If there’s no condensation on the window and no mold in the corner, you’ve got your marching orders. You need to lower indoor humidity levels in cold weather — or increase insulation levels at the building corner, a much more complicated and expensive fix.
Controlling Indoor Humidity
The first step for lowering indoor humidity is to improve “spot ventilation,” that is, remove the moisture at the source. That means effective ventilation in kitchens and baths, with short duct runs that are not broken, blocked, or otherwise not working. (Ventless kitchen hoods that blow the vented air back in your face don’t count.)
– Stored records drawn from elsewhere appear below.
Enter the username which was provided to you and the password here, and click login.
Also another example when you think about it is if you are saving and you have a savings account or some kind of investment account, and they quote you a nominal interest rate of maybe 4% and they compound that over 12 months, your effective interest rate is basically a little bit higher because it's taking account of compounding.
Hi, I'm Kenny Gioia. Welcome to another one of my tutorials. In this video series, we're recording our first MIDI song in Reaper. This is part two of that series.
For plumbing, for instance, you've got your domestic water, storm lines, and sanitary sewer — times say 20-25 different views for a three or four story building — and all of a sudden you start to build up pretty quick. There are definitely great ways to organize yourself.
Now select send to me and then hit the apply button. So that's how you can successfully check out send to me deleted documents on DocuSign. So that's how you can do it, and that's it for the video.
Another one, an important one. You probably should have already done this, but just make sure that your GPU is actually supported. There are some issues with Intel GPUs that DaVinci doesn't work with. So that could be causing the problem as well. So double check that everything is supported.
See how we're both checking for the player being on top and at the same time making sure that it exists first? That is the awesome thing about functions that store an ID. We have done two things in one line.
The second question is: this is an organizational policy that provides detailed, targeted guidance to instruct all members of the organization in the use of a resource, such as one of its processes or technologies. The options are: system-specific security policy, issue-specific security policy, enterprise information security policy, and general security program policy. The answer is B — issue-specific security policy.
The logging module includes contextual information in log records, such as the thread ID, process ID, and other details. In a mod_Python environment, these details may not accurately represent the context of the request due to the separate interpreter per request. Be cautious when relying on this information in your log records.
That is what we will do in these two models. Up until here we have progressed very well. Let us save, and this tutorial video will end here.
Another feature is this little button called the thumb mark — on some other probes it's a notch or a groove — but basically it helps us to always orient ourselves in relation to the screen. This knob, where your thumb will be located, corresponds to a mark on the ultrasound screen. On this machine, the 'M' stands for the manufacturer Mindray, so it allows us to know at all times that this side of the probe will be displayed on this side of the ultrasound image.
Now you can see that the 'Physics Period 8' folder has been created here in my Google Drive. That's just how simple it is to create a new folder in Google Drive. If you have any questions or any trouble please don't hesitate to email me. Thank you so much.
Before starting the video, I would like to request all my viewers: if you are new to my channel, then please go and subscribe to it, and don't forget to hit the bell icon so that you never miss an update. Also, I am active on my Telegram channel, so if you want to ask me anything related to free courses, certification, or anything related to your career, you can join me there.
You may have other sources of moisture such as a wet basement, uncovered crawl space, drying firewood in the house, etc. Cover the crawlspace with a heavy plastic ground cover, improve basement drainage, and store firewood outside. If necessary, you can run dehumidifier on occasion.
Try to keep indoor humanity levels between 30% and 50%. Too high and you’ll have condensation problems, too low and you may experience some minor health problems and discomfort like dry skin. The right level for you will depend upon the climate, house tightness, and your personal preferences. In a cold climate, you will probably be fine near the lower end and of the range and in a warmer climate, the higher end.
Warm Up the Corner
You can also add insulation to the wall corner if you are remodeling, but otherwise this is usually not practical. Other cold spots on walls and ceilings can be more easily addressed by strategically retrofitting fibrous or foam insulation. Some examples include cantilevered floors, attic kneewalls and floors, kitchen soffits, and band joists.
An experienced energy auditor or weatherization contractor can help you identify cold spots prone to condensation and recommend practical ways to beef up the insulation.
Also remove any furniture from the corner and other obstructions that restrict airflow at the corner, at least until the problem is solved. The added airflow will keep the corner warmer and drier.
If the Source Is A Water Leak
If condensation is NOT causing the problem, then you probably have an exterior leak, either in the roof, corner boards, or flashing at the junctures of these components. Most roof leaks are around valleys, penetrations for skylights, chimneys and pipes, and intersections with walls and other building components.
If there is a bathroom or kitchen above or below, you may also want to have a plumber take a look. A slow leak in a toilet tank, drain line, or other plumbing fixture could be at fault. Pin holes can also form in older copper supply lines in areas with acidic water.
If you suspect a leak, have a general contractor or roofing and siding contractor take a look. They may be able to identify the likely source of the leak and repair it with caulk or sealant. A repair with caulk could be short-lived or last for years if a high-quality sealant is used.
A more permanent repair may involve pulling apart the components that are leaking and rebuilding them with the proper metal flashings in place.